From an article in Real Simple magazine titled 10 Things My Father Was Right About by Jancee Dunn:


1. Hold hands while you hash it out. My folks have been married for 47 years. One of my father’s rules for a happy marriage is that if a nasty argument erupts, hold hands as you fight. You’ll feel goofy doing this, but here’s the thing: It works. Recently my husband, Tom, forgot to pay a few bills that were buried under a pile of clutter. I was incandescent with rage. So we interlaced our fingers while we talked it out, and I felt my blood pressure plummet and my endorphins flow in spite of myself.

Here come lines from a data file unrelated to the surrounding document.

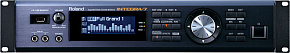 ROLAND INTEGRA-7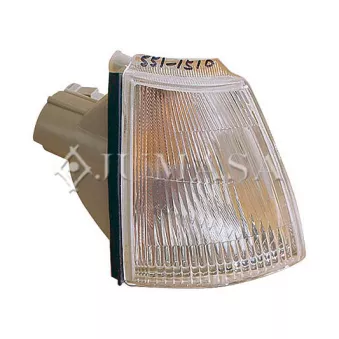 JUMASA 40314075 - Feu clignotant avant gauche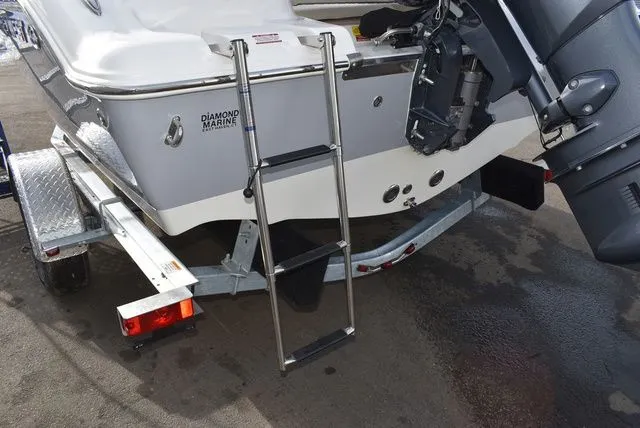 Slide: The Image of Key West 189 FS 2026 - 36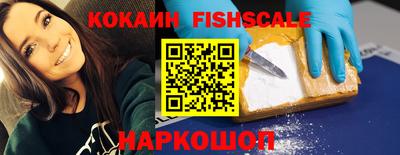 метадон Тара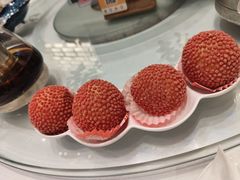 -稻香海鲜饭店(第一国际店)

It’s impossible to scream at someone who is giving your hand a gentle squeeze. It just is.


And a few others I liked =)


2. Pay attention to anyone who wears a tool belt... My father is practical, thrifty (or, put more accurately, cheap), and savvy about home improvements. He calls a repairman only as a last resort—and when he does, he hovers around the guy and asks tons of questions. “Carefully observe anyone with a skill that you don’t have,” my father often said, “and then you can take care of the fill-in-the-blank yourself.” He was right: After shadowing a handyman for an hour, I later fixed my own dishwasher, to the perpetual amazement of friends who call their super to change a lightbulb.

3. ...Or a uniform. It has always annoyed my dad that a waiter gets a 20 percent tip for serving a crème brûlée, while a hotel maid who disposes of used dental floss often winds up with bubkes. My father routinely told our sanitation men and the crew who cleaned his office that they were doing a good job and made sure to compensate them at holidays. As a child, I used to writhe with embarrassment when he did this. Now I do the same for the sanitation workers in my neighborhood. One guy once told me, with a catch in his voice, that in 10 years, it was the first time he had ever been thanked.

9. No one’s smarter than you. Long ago, if I was in a group and the conversation strayed to an unfamiliar topic, I’d keep silent. Dad urged me to say, “I don’t understand. Can you explain what you’re talking about?” Asking questions makes you sound smart, he said, and confident to boot. At a recent gathering, somebody mentioned the Mauritius Continental Shelf. Silence. Then I asked, “What’s that?” And all the former Ivy Leaguers around me exhaled and admitted they didn’t know what the hell it was, either.